[Entries shown Boundary: Start]

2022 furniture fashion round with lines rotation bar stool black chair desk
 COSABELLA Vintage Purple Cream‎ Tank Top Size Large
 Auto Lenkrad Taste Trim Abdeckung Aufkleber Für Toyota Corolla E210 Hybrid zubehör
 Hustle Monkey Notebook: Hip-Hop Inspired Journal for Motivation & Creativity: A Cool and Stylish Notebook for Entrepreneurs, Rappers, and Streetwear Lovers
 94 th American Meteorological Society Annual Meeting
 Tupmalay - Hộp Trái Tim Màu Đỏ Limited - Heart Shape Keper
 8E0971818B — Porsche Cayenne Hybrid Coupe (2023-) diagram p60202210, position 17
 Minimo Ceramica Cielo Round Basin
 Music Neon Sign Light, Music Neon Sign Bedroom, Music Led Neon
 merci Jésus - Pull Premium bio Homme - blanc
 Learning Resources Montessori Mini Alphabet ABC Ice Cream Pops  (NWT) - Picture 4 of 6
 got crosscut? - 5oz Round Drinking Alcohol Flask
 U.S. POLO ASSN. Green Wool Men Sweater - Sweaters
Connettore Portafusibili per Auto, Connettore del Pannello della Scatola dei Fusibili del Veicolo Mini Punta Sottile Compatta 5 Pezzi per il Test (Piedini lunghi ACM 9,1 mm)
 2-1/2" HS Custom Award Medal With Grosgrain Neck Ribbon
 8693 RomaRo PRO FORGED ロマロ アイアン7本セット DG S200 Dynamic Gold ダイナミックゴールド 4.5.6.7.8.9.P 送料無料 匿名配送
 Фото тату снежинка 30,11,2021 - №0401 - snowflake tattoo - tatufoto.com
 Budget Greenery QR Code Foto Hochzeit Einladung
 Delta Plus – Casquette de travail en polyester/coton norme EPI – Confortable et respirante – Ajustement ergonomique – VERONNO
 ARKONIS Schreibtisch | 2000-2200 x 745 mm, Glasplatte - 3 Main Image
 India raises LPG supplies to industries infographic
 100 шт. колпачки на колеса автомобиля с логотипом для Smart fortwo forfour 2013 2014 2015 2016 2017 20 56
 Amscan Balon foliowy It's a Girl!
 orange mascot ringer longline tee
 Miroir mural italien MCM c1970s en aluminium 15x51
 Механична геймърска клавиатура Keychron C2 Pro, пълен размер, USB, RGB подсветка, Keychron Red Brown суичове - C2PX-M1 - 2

[Entries shown Boundary: End]

● Task details
Could you give the data above again, exact in every line?

● Solved exercise
2022 furniture fashion round with lines rotation bar stool black chair desk
 COSABELLA Vintage Purple Cream‎ Tank Top Size Large
 Auto Lenkrad Taste Trim Abdeckung Aufkleber Für Toyota Corolla E210 Hybrid zubehör
 Hustle Monkey Notebook: Hip-Hop Inspired Journal for Motivation & Creativity: A Cool and Stylish Notebook for Entrepreneurs, Rappers, and Streetwear Lovers
 94 th American Meteorological Society Annual Meeting
 Tupmalay - Hộp Trái Tim Màu Đỏ Limited - Heart Shape Keper
 8E0971818B — Porsche Cayenne Hybrid Coupe (2023-) diagram p60202210, position 17
 Minimo Ceramica Cielo Round Basin
 Music Neon Sign Light, Music Neon Sign Bedroom, Music Led Neon
 merci Jésus - Pull Premium bio Homme - blanc
 Learning Resources Montessori Mini Alphabet ABC Ice Cream Pops  (NWT) - Picture 4 of 6
 got crosscut? - 5oz Round Drinking Alcohol Flask
 U.S. POLO ASSN. Green Wool Men Sweater - Sweaters
Connettore Portafusibili per Auto, Connettore del Pannello della Scatola dei Fusibili del Veicolo Mini Punta Sottile Compatta 5 Pezzi per il Test (Piedini lunghi ACM 9,1 mm)
 2-1/2" HS Custom Award Medal With Grosgrain Neck Ribbon
 8693 RomaRo PRO FORGED ロマロ アイアン7本セット DG S200 Dynamic Gold ダイナミックゴールド 4.5.6.7.8.9.P 送料無料 匿名配送
 Фото тату снежинка 30,11,2021 - №0401 - snowflake tattoo - tatufoto.com
 Budget Greenery QR Code Foto Hochzeit Einladung
 Delta Plus – Casquette de travail en polyester/coton norme EPI – Confortable et respirante – Ajustement ergonomique – VERONNO
 ARKONIS Schreibtisch | 2000-2200 x 745 mm, Glasplatte - 3 Main Image
 India raises LPG supplies to industries infographic
 100 шт. колпачки на колеса автомобиля с логотипом для Smart fortwo forfour 2013 2014 2015 2016 2017 20 56
 Amscan Balon foliowy It's a Girl!
 orange mascot ringer longline tee
 Miroir mural italien MCM c1970s en aluminium 15x51
 Механична геймърска клавиатура Keychron C2 Pro, пълен размер, USB, RGB подсветка, Keychron Red Brown суичове - C2PX-M1 - 2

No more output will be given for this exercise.